Voices in Crystal follows the journey of Marai, a simple shepherd who witnesses a falling star that is not a star. He takes this descending glittering orb to be his favored deity—Ashera, Queen of Heaven—even as the shock wave of its impact knocks him off his feet. He hears voices calling him, and he sets out to find “the goddess’ boat.”

The entities he encounters at the landing site restore him, cleanse him, and endow him with superpowers: impossible strength, slow motion vision during combat, eternal youth, telepathy, and even the ability to channel the gods through automatic writing (I was particularly envious of this last one). They also give him a mission, based on their “new understanding of an old duty”—they implore him to “Hasten to the White Wall” bearing a bag of crystals to give to Djedi, son of Sneferu, founding pharaoh of the Fourth Dynasty. Then they miraculously restore three fallen women to goddess-like condition so that they can assist him on his journey. Marai finds that:

“We change and create legends as we move through life. It is a thing those who walk with the gods do.”
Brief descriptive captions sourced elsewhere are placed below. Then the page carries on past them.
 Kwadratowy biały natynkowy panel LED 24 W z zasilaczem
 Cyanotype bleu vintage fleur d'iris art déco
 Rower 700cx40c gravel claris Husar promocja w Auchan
The author’s style emphasizes the inherent uncertainty of her characters’ world view; they are never quite sure whose voices they are hearing, the meaning of the cryptic words they are given, the intentions behind them, or even if they are being spoken aloud. They have visions but don’t trust them, since they are unable to tell if they are past, present, or future. It’s as if Woldering has peeled away not just the Hellenized names, but centuries of Hellenistic rational thought, to a time when intuition was given free rein. We are thrust into a crude, violent world populated with superstitious, desperate, lusty people, where magic is a viable strategy, song and dance cast spells, greed is an assumed motivation of everyone encountered, and ritualized sex in the street is no more shocking than public murder. She shows us a long ago time when those in authority couldn’t be trusted and those who could be trusted had no authority.
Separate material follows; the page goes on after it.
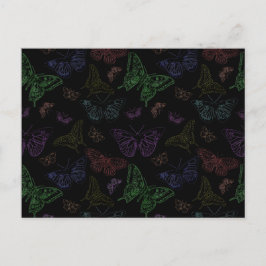 黒と虹の色の蝶飛んでいる ポストカード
I thought it was all a bit far-fetched until I turned on the news and suddenly realized that Woldering is spot on when she wrote:

“…Earth is a cosmic mirror, as is the past and the future … each act above also happens below … what we see in the past happens in the future …”

In some ways little has changed: we still have people in positions of power making civilization-changing decisions based on petty personal slights, we still have public murder in the streets, and we still question whether the voices we hear are coming from live people or ghosts, angels, demons or gods—except now we see our visions and hear our voices on exterior screens instead of interior ones.

So the question posed by Voices in Crystal is: just because someone is your teacher, your priest, your lover, your historian, your facebook pal, your god, can you trust everything they tell you? Can you trust every image or video or vision you see? Ultimately we are the only ones who can decide—who must decide—in every moment what is real, who is trying to help us and who intends us harm, who we can forge an alliance with, who we owe allegiance to; in short, who we can trust. For in the end we all find ourselves in Marai’s position—wondering if we will survive the results of a decision we made almost entirely based on trust. And why did we make that decision, whatever it was? Why did we choose to believe that flattering voice, that sparkly vision? As Woldering so insightfully puts it:

“To be something one is not; that is the real hunger, never filled.”

I thoroughly enjoyed reading Voices in Crystal, and I look forward to the story continuing in the rest of the Children of Stone series: Going Forth By Day, Opener of the Sky, and Heart of the Lotus.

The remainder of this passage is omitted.